> _Supplied data_
Start of Block

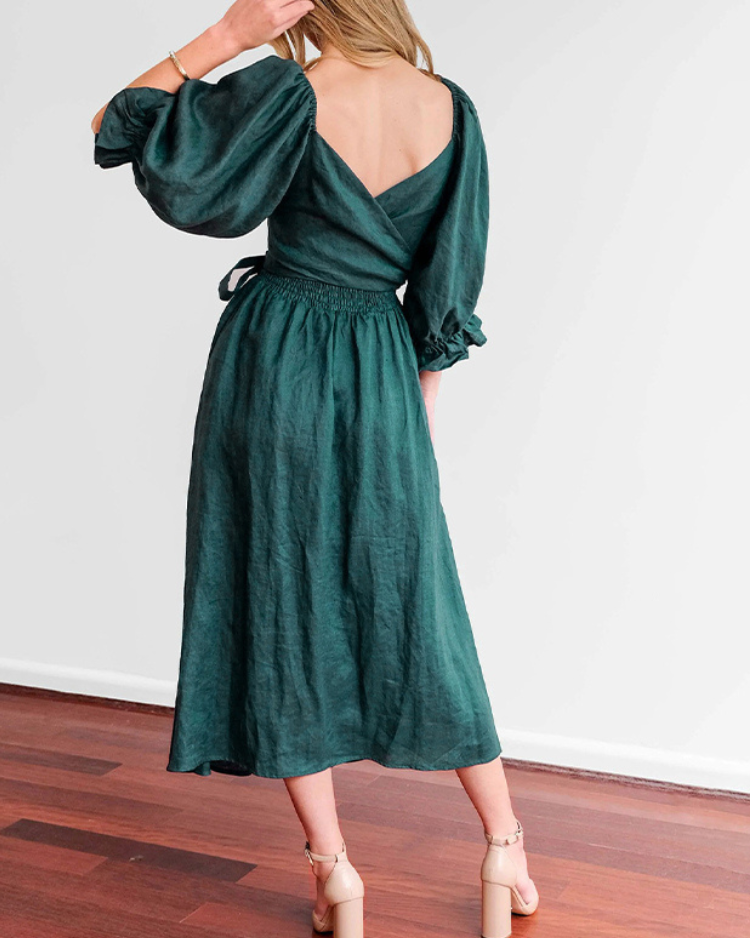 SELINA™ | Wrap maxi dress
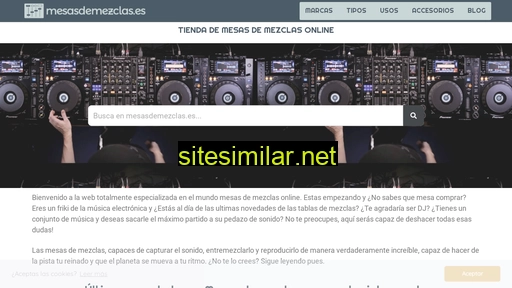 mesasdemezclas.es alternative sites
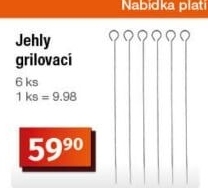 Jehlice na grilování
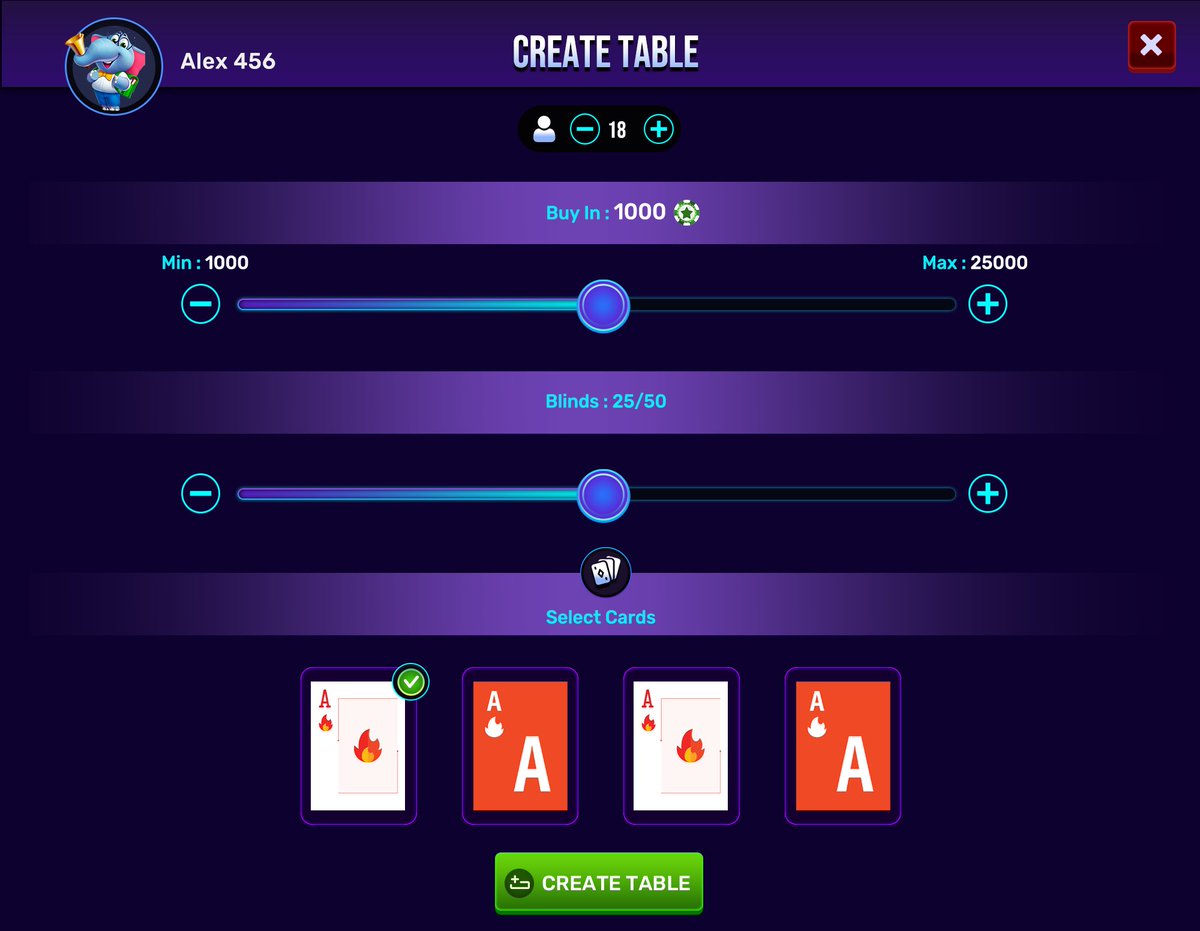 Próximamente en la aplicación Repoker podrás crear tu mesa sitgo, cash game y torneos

End of Block
Start of Block

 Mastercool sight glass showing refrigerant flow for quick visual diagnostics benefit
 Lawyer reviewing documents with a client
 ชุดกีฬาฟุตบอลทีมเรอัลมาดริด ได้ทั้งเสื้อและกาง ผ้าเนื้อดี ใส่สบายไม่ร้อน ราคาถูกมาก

End of Block

> _Brief_
In the listing above, find the line with "Lawyer reviewing documents with a client" and the line with "ชุดกีฬาฟุตบอลทีมเรอัลมาดริด ได้ทั้งเสื้อและกาง ผ้าเนื้อดี", then print exactly those two lines and every line between them, and nothing more.

> _Output of the task_
 Lawyer reviewing documents with a client
 ชุดกีฬาฟุตบอลทีมเรอัลมาดริด ได้ทั้งเสื้อและกาง ผ้าเนื้อดี ใส่สบายไม่ร้อน ราคาถูกมาก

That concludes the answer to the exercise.